“She did it herself,” cried the exasperated Peggy. “She deliberately stood on top of it and crushed the life out of it. When I came out it was too far gone to peep, and she was looking around as if she wondered where the noise had come from. But by the time I could make her move, the poor little thing was dead.”
It was the general verdict that the conduct of the yellow hen was reprehensible in the extreme. The comments passed upon her would have been sufficient to make her wince, had she been a hen of any sensibility. But regardless of the disapproval so openly expressed, she continued to scratch and summon her brood, with every indication of being perfectly satisfied with herself.
“Six little Indians stole honey from a hive,
A busy bee got after one and then there were but five.”
Peggy looked at Graham as if she did not know whether to laugh or be angry. Being Peggy, she, of course, settled the question in favor of the first-named alternative, though even as she dimpled, she told Graham severely that it was nothing to laugh about.
“As I understand it, the tragedy has only been hastened,” said the teasing Graham. “You designed the chicken for the butcher, didn’t you? And now let’s feed this unnatural mother before she gets hungry and eats up the other five.”
The appetite of the yellow hen was not the least impaired by the family disaster. She gobbled down her corn meal with a dispatch which argued indifference to the possibility that there might not be enough left for her offspring.
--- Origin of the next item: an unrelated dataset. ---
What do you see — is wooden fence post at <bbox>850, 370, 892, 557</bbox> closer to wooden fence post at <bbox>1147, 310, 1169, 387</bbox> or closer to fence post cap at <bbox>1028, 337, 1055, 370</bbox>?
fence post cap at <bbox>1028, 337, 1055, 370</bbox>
Then while Peggy and Graham made ready a little grave for the victim of maternal clumsiness, the others flocked back to the house discussing the calamity. Reluctantly Ruth resumed her duties, and her sense of resentment grew rapidly, as she listened to the excited chatter of her companions. All this fuss about a dead chicken, and not a word of sympathy for her sufferings. Ruth was rapidly approaching the point of extreme unreasonableness.
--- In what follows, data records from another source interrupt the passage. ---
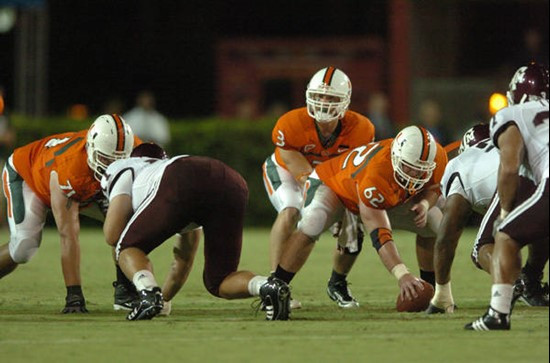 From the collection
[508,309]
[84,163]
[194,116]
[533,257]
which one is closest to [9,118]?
[194,116]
A long walk was the first of the festivities scheduled for the eventful last day. The boys had discovered a view that they were very anxious to have the others see, and even Aunt Abigail, who was not a great success as a pedestrian, had decided to go along. Ruth was putting on her wide brimmed shade hat, when a wave of faintness swept over her, and for a minute everything turned black. Then she recovered herself, and saw a white face with unnaturally large eyes staring back at her from the mirror.
“I–I don’t believe I’ll go,” said Ruth in an uncertain voice, in which there was no suggestion of heroism.
“Go?” Amy was down on her hands and knees, looking for a pin in the cracks of the floor. “Of course you’ll go. Don’t be grumpy.”
Grumpy! And after she had endured so much to avoid casting a shadow over the spirits of the party. Ruth frowned on her, but in silence. It seemed to her that she had never before realized the amount of selfishness in the world. Nobody cared what she suffered. Her dearest friends, her own brother were prodigies of inconsiderateness. With an effort she kept back the burning tears of self pity, and tottered down the stairs, prepared to endure the martyrdom of a long walk under the July sun.